═════ Dataset section ═════

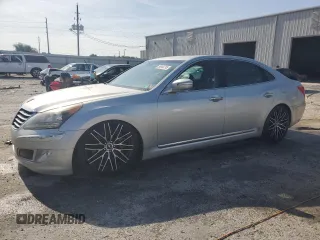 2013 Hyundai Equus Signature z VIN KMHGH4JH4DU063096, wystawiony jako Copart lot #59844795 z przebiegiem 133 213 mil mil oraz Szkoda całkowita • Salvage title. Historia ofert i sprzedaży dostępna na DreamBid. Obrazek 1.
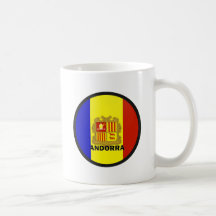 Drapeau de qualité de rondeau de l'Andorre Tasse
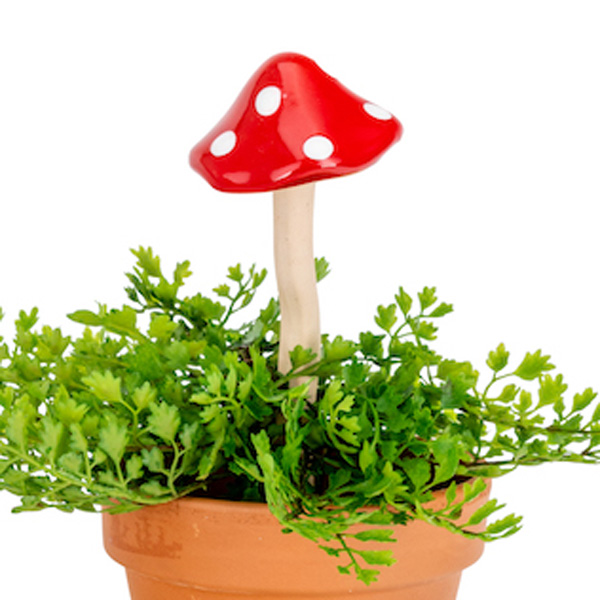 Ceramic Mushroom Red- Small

═════

Exercise description
Would you set down the listing exactly, omitting pictures?

Response for this exercise
 2013 Hyundai Equus Signature z VIN KMHGH4JH4DU063096, wystawiony jako Copart lot #59844795 z przebiegiem 133 213 mil mil oraz Szkoda całkowita • Salvage title. Historia ofert i sprzedaży dostępna na DreamBid. Obrazek 1.
 Drapeau de qualité de rondeau de l'Andorre Tasse
 Ceramic Mushroom Red- Small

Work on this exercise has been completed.